GOAL OF THE EXERCISE: What does the data read, word for word, from the line containing "9.10 потерялась кошка" through its final line? Give those lines only.

DATASET ENTRIES:

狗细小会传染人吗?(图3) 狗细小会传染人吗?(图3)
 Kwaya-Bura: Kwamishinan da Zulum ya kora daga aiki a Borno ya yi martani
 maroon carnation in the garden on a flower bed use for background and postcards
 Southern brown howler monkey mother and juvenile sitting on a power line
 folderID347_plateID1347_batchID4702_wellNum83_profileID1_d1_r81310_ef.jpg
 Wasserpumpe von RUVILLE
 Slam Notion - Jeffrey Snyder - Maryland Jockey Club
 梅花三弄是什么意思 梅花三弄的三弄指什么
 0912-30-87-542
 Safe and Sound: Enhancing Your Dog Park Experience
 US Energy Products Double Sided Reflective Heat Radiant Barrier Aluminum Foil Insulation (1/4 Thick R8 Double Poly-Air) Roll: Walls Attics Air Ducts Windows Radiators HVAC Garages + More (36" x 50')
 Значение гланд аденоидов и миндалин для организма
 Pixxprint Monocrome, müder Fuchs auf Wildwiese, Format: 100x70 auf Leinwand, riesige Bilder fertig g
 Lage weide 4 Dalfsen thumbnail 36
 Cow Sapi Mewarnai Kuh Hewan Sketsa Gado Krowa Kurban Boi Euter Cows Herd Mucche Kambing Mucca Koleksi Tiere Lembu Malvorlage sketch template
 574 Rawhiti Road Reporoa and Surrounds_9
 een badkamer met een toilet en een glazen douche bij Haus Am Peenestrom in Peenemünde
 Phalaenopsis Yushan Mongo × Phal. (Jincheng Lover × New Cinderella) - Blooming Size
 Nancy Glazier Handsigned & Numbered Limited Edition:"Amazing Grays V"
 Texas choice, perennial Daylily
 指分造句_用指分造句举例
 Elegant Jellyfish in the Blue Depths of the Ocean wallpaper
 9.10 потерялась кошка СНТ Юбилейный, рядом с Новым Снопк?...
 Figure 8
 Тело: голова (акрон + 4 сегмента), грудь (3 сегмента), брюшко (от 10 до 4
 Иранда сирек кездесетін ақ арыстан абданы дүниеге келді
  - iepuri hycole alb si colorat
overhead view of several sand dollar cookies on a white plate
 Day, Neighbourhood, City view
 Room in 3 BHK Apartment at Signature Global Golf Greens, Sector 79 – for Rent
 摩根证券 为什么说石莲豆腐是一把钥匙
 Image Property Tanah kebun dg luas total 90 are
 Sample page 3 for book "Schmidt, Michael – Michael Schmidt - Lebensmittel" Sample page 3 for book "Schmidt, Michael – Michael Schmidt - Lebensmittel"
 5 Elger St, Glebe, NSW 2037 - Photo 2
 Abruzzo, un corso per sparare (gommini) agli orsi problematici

COMPLETED EXERCISE:
 9.10 потерялась кошка СНТ Юбилейный, рядом с Новым Снопк?...
 Figure 8
 Тело: голова (акрон + 4 сегмента), грудь (3 сегмента), брюшко (от 10 до 4
 Иранда сирек кездесетін ақ арыстан абданы дүниеге келді
  - iepuri hycole alb si colorat
overhead view of several sand dollar cookies on a white plate
 Day, Neighbourhood, City view
 Room in 3 BHK Apartment at Signature Global Golf Greens, Sector 79 – for Rent
 摩根证券 为什么说石莲豆腐是一把钥匙
 Image Property Tanah kebun dg luas total 90 are
 Sample page 3 for book "Schmidt, Michael – Michael Schmidt - Lebensmittel" Sample page 3 for book "Schmidt, Michael – Michael Schmidt - Lebensmittel"
 5 Elger St, Glebe, NSW 2037 - Photo 2
 Abruzzo, un corso per sparare (gommini) agli orsi problematici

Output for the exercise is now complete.